# Decoders losing settings?



## downunda (Jul 23, 2016)

I'm really new at this and don't even have a layout yet and have been running my very new locos along a straight track on my workbench.

I'm wondering is there a correct way to put on or to remove a loco from a track? That is, is it ok to do this when the track is powered on?

The reason I ask is that I have experienced problems with two of my locos where the DCC controller seems to lose its settings and the result is either;

Case 1 Athern with Tsunami2 Sound:- didn't respond at all when put on the track and had to be reset to factory default to become operational again

Case 2 Kato with EsuLoc Sound:- when put on the track the engine can develop an annoying screaming sound that can't be stopped except by resetting to factory default. When this occurs the loco operates ok and some sound functions such as the bell and horn work ok, its the engine noise that seems to be the problem.

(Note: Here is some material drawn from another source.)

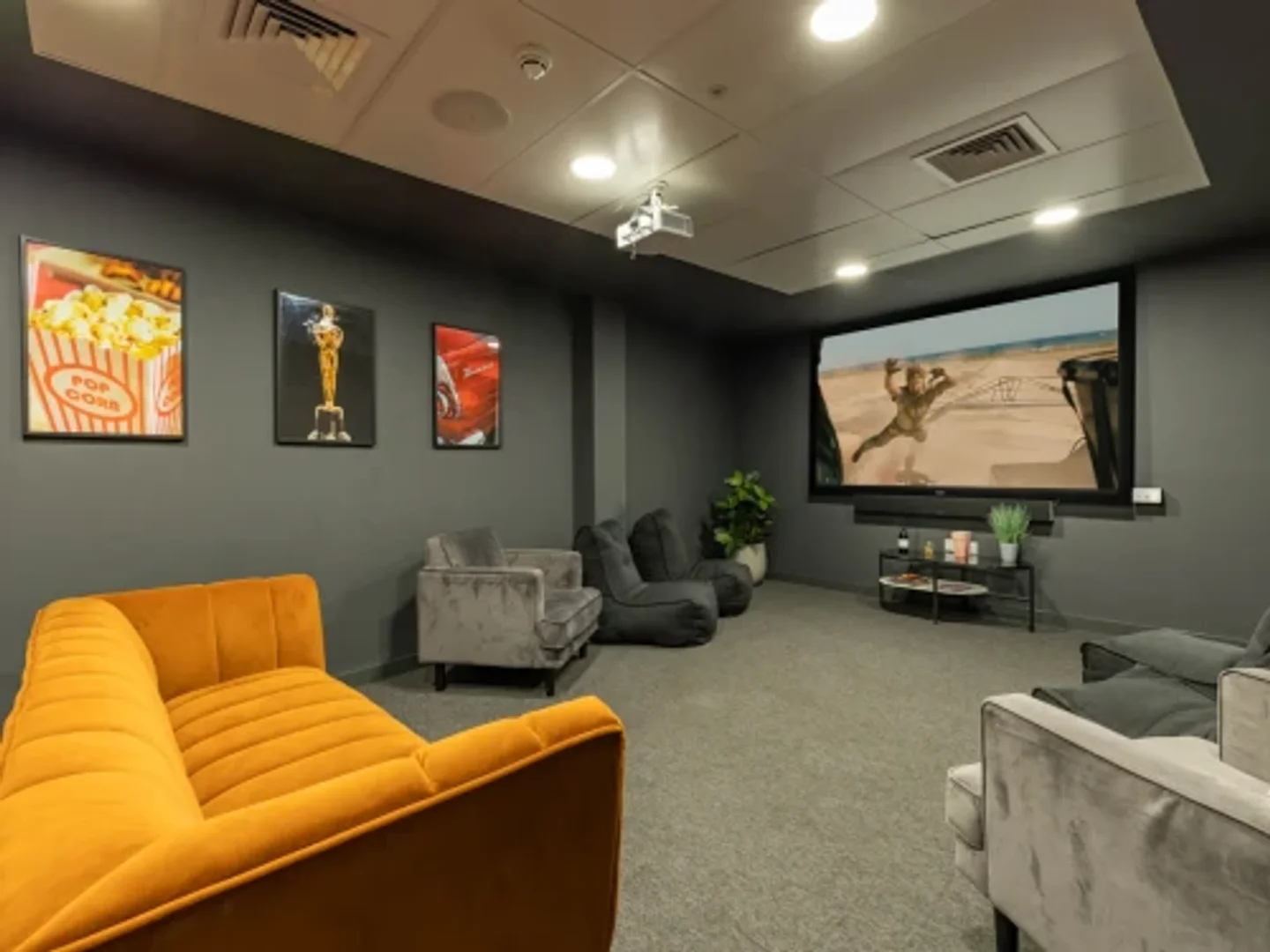 Cozy room for students available in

I hope this makes sense to you.


----------



## Lemonhawk (Sep 24, 2013)

I seem to recall that some one wiped out their decoder by putting their loco on a hot track, and worse, the manufacture said their warranty would not cover replacing the decoder because the track power was not off when the loco was railed. with this in mind, I typically put my steam loco's (I only have steam) on the live track. I am thinking that I need to change and since I have a control panel with lots of block switches its really easy to shut off just that section. Better safe than sorry.


----------



## Chip (Feb 11, 2016)

It makes absolute sense even if it has not happened to me! I never really thought about it I just pick em up and plop em down whenever and however I need to. There is a kind of "technique" to placing a loco on the tracks I guess, kind of a "lean onto it" motion coming from one side and getting all the wheels on that side on the rail and then "up" on it's "pins" and away we go! OR the "slam and rub" onto a re-railer!

As for the power on or off when placing locos, I have not a clue if it makes a difference, I have not noticed any.


----------



## Genetk44 (Feb 26, 2016)

Decoders, like most things can behave erratically. As you found, sometimes the simplest thing is to just reset. All that being said....I've never heard that putting a loco on a powered track is problematic, the opposite actually. I have heard that powering up the DCC system with a loco on the track can can fry the loco due to power spikes while the system powers up....example, my new Atlas S2 instruction sheet specifically says to put the loco on the track after the system has powered up. All that being said I have,over 10 years of DCC operation never had a problem either way.


----------



## Lemonhawk (Sep 24, 2013)

I think if you have the DCC current limit set right seems like it should not be a problem. Every now and then I would hear the PM42 complain of a short while re-railing the loco but its never caused any problem. But be aware that you can have 5-8 amps of drive in a DCC system and that can do some damage to the trucks if the DCC system is not set to shut down!


----------



## Genetk44 (Feb 26, 2016)

Lemonhawk said:


> I think if you have the DCC current limit set right seems like it should not be a problem. Every now and then I would hear the PM42 complain of a short while re-railing the loco but its never caused any problem. But be aware that you can have 5-8 amps of drive in a DCC system and that can do some damage to the trucks if the DCC system is not set to shut down!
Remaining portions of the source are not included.